Data shown:

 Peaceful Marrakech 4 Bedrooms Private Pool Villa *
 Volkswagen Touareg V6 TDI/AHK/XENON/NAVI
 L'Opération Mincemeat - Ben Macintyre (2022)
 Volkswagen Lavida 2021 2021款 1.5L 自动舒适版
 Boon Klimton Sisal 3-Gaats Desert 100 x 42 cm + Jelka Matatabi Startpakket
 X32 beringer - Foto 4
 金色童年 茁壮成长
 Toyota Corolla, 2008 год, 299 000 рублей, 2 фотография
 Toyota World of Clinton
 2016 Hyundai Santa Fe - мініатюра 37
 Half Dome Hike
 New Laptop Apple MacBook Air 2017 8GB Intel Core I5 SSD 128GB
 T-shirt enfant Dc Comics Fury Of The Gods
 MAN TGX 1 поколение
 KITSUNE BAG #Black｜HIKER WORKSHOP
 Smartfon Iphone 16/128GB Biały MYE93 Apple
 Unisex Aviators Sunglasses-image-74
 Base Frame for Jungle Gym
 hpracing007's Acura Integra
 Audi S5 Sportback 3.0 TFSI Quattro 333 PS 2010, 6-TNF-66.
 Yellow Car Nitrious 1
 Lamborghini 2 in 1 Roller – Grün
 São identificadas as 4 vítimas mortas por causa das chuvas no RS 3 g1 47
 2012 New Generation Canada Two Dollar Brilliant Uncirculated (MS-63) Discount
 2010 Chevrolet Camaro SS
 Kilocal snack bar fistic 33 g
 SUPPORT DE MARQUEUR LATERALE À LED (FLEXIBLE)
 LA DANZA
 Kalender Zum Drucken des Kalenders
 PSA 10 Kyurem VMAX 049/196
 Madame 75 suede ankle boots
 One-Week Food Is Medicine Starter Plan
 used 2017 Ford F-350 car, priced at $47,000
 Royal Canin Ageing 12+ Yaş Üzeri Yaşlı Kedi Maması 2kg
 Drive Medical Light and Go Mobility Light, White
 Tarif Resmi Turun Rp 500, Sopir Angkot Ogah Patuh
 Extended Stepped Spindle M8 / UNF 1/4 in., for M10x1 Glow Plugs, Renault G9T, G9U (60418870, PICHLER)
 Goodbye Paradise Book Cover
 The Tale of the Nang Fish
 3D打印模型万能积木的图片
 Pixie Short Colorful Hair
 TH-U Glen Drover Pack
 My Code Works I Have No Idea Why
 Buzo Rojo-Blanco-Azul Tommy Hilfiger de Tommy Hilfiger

Task objective:
I would like you to restate word for word the lines from the one with "Toyota World of Clinton" through the last line of the material above, and only those.

The answer:
 Toyota World of Clinton
 2016 Hyundai Santa Fe - мініатюра 37
 Half Dome Hike
 New Laptop Apple MacBook Air 2017 8GB Intel Core I5 SSD 128GB
 T-shirt enfant Dc Comics Fury Of The Gods
 MAN TGX 1 поколение
 KITSUNE BAG #Black｜HIKER WORKSHOP
 Smartfon Iphone 16/128GB Biały MYE93 Apple
 Unisex Aviators Sunglasses-image-74
 Base Frame for Jungle Gym
 hpracing007's Acura Integra
 Audi S5 Sportback 3.0 TFSI Quattro 333 PS 2010, 6-TNF-66.
 Yellow Car Nitrious 1
 Lamborghini 2 in 1 Roller – Grün
 São identificadas as 4 vítimas mortas por causa das chuvas no RS 3 g1 47
 2012 New Generation Canada Two Dollar Brilliant Uncirculated (MS-63) Discount
 2010 Chevrolet Camaro SS
 Kilocal snack bar fistic 33 g
 SUPPORT DE MARQUEUR LATERALE À LED (FLEXIBLE)
 LA DANZA
 Kalender Zum Drucken des Kalenders
 PSA 10 Kyurem VMAX 049/196
 Madame 75 suede ankle boots
 One-Week Food Is Medicine Starter Plan
 used 2017 Ford F-350 car, priced at $47,000
 Royal Canin Ageing 12+ Yaş Üzeri Yaşlı Kedi Maması 2kg
 Drive Medical Light and Go Mobility Light, White
 Tarif Resmi Turun Rp 500, Sopir Angkot Ogah Patuh
 Extended Stepped Spindle M8 / UNF 1/4 in., for M10x1 Glow Plugs, Renault G9T, G9U (60418870, PICHLER)
 Goodbye Paradise Book Cover
 The Tale of the Nang Fish
 3D打印模型万能积木的图片
 Pixie Short Colorful Hair
 TH-U Glen Drover Pack
 My Code Works I Have No Idea Why
 Buzo Rojo-Blanco-Azul Tommy Hilfiger de Tommy Hilfiger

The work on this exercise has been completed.